What to produce: Set the listing down exactly; no pictures.
:: Data provided
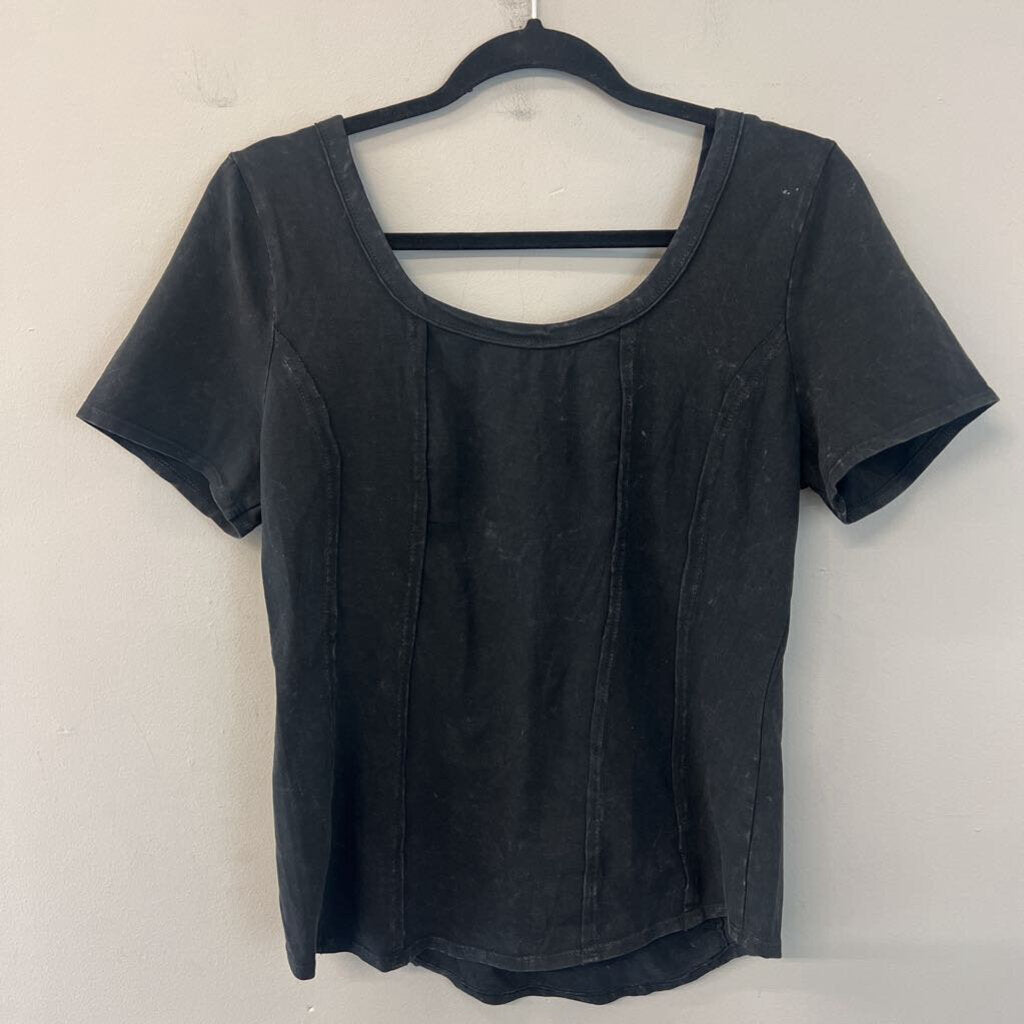 Rae Mode Black Short Sleeve Scoop Neck Top Large
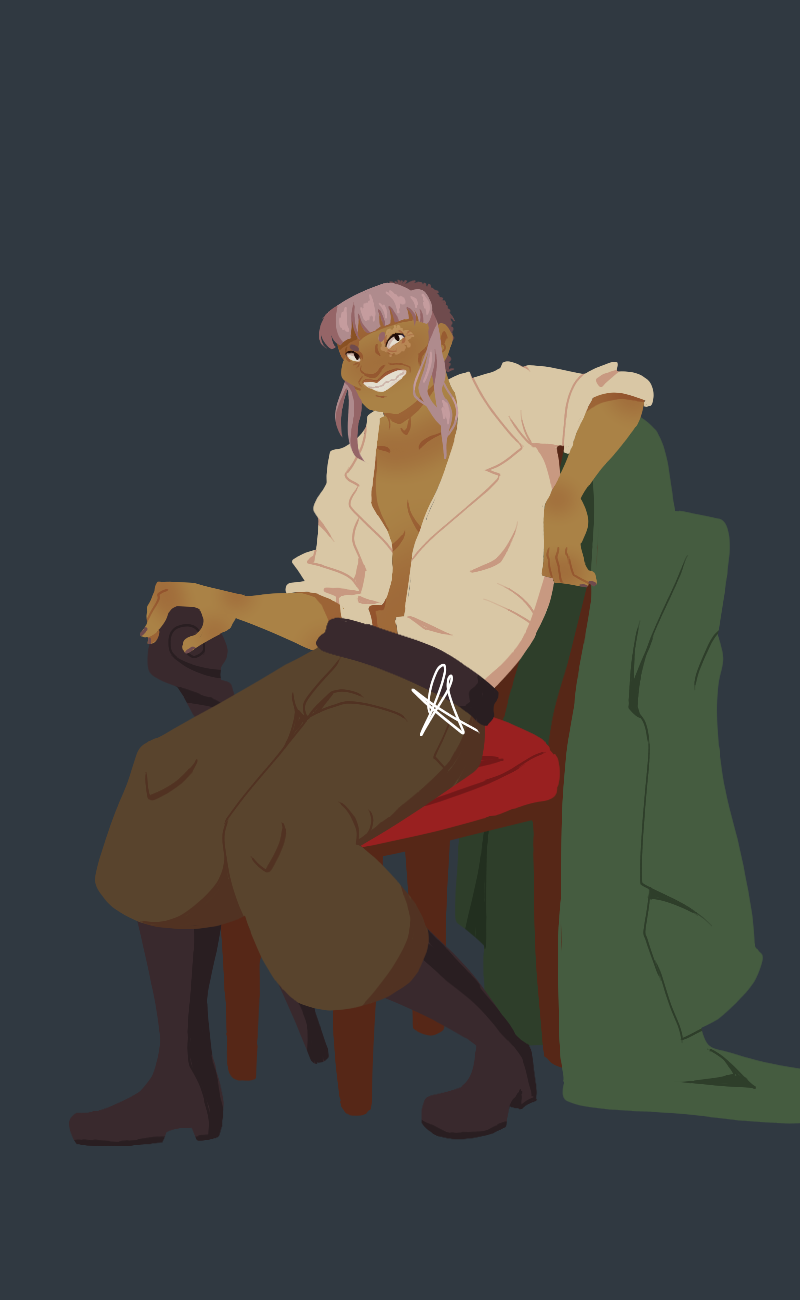 A lineless drawing of Lorelei, a medium tan middle aged person of bony build, with a purple chelsea cut. They are wearing a white dress shirt, open to the waist, brown pants, and black boots. They are sitting on a red cushioned chair with their elbow up on top of the back of the chair. They have a cane in their other hand. A long green overcoat is draped over the back of the chair.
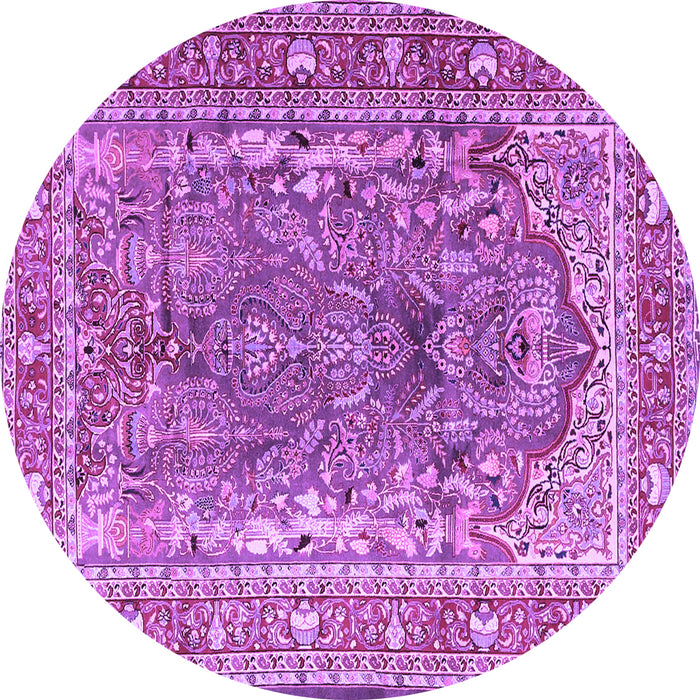 Round Machine Washable Persian Purple Traditional Area Rugs, wshtr1195pur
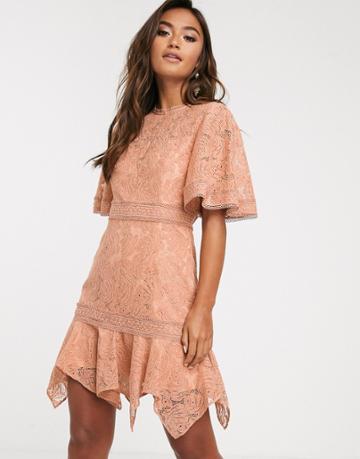 Keepsake Lonely Lace Mini Dress - Brown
::::
Answer section:
 Rae Mode Black Short Sleeve Scoop Neck Top Large
 A lineless drawing of Lorelei, a medium tan middle aged person of bony build, with a purple chelsea cut. They are wearing a white dress shirt, open to the waist, brown pants, and black boots. They are sitting on a red cushioned chair with their elbow up on top of the back of the chair. They have a cane in their other hand. A long green overcoat is draped over the back of the chair.
 Round Machine Washable Persian Purple Traditional Area Rugs, wshtr1195pur
 Keepsake Lonely Lace Mini Dress - Brown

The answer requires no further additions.